The Carbon Reduction Commitment Energy Efficiency scheme could save your business money, according to carbon consultant Zaour Israfilof

The carbon consultant

Zaour Israfilof, 3 Carbon Elements

The Carbon Reduction Commitment Energy Efficiency scheme (CRCEE) is a new climate change agreement introduced in April 2010. Up to 5,000 organizations will have to participate fully in the scheme, in addition to 15,000 which must measure their carbon footprint and report it to the government.

Understandably, the most interesting aspect of the scheme for participants is its financial impact.

The scheme was designed to be revenue neutral as most of the money collected from participants will be refunded. Each participant will get a bonus or penalty depending on its performance in the league table.

There is a common misconception among participants that the maximum they could lose is the maximum penalty on their spend on allowances in that particular year. Many will be surprised to learn that this is incorrect.

The refund is based on three factors:

1. Early Action Metric - this is to reward participants which took voluntary carbon reduction measures before the start of the scheme

2. Performance in reducing the company's own emissions compared to previous years

3. The amount of allowances a participant purchased in the baseline year as a proportion of the total allowances purchased by all participants in the same year.

The third factor is the most significant in establishing CRCEE's financial impact. The entitlement to a proportion of the total refund pot (before the bonus or penalty based on its position in the league table) remains the same.

If the pot shrinks (i.e. the total emissions of all participants decreases) then the refund a participant is entitled to shrinks too.

This base amount is then adjusted by the bonus or penalty factor determined by the league table.

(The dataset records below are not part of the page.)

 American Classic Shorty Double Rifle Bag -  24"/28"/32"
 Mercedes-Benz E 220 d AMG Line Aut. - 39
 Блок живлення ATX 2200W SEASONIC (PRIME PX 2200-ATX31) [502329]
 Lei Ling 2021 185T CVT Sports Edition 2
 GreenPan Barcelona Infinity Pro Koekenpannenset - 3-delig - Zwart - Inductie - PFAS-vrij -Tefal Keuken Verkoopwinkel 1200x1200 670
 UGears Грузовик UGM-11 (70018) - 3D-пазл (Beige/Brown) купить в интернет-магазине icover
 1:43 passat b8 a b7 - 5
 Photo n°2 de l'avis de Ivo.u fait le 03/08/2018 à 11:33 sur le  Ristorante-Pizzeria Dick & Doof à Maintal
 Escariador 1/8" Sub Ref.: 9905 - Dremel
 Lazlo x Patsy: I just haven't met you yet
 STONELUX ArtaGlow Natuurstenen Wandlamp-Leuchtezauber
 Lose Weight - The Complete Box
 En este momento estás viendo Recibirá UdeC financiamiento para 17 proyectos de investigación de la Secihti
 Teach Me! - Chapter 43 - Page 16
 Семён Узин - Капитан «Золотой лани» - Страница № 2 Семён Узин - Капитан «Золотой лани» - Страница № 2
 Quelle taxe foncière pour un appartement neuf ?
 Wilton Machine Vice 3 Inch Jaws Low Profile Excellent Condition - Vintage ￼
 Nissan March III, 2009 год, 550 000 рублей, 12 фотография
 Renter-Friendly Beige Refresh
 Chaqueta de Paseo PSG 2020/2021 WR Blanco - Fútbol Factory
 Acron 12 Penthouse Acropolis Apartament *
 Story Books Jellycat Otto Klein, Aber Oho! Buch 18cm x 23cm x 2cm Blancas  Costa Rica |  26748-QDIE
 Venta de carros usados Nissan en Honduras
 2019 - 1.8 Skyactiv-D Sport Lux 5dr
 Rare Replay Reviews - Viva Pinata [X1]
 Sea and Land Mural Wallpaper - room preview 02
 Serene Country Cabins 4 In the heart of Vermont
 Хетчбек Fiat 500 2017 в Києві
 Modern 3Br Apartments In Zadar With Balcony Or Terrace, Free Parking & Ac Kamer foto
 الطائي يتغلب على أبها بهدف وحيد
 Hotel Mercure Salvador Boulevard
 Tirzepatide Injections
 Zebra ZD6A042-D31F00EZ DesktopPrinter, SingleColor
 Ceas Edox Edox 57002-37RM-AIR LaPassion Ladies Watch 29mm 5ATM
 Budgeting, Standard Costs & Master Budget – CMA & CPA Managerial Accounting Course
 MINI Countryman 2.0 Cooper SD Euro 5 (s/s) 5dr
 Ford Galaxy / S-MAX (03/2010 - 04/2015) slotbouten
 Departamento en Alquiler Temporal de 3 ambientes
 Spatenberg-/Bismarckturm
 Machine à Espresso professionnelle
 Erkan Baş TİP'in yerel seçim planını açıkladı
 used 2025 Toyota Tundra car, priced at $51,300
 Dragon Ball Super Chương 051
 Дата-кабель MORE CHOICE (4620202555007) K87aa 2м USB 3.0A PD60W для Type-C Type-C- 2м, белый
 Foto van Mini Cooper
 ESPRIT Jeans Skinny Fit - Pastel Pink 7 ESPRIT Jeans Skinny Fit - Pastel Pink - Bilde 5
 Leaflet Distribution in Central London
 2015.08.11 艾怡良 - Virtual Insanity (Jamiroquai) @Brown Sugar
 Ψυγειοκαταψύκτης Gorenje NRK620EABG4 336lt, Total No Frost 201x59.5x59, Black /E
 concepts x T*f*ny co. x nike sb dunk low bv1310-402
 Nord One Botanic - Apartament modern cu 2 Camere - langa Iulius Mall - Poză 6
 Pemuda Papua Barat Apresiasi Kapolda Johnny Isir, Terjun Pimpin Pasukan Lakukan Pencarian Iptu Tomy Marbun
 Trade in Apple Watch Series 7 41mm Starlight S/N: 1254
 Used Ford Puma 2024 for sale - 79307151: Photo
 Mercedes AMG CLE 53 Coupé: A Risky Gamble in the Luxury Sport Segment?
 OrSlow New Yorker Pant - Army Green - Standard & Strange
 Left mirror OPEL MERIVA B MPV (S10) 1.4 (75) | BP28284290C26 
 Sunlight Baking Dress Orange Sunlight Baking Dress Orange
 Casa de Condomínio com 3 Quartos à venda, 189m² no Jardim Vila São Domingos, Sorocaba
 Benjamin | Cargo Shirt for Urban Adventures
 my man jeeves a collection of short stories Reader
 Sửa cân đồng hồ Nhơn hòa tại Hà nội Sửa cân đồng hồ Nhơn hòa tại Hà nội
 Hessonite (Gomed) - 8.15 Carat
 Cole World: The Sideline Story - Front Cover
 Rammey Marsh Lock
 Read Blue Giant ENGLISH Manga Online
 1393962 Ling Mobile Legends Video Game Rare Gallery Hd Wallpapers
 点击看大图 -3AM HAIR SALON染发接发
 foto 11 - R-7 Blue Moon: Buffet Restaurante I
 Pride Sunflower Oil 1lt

Thus CRCEE employs a clever recycling formula which rewards those that reduce their emissions most quickly relative to those that reduce emissions more slowly or even increase their emissions.

To break even from this measure, participants need to reduce their emissions at the same rate as the overall fund is shrinking.

The scheme also creates the secondary market in which participants will be allowed to freely trade their allowances and make additional profit. However any profit or loss made when trading allowances on the secondary market will not count towards the refund and will be subject to tax.

Companies will also need to factor in the cost of compliance. This includes staff time, registration charges, administration fees, charges levied by the government etc.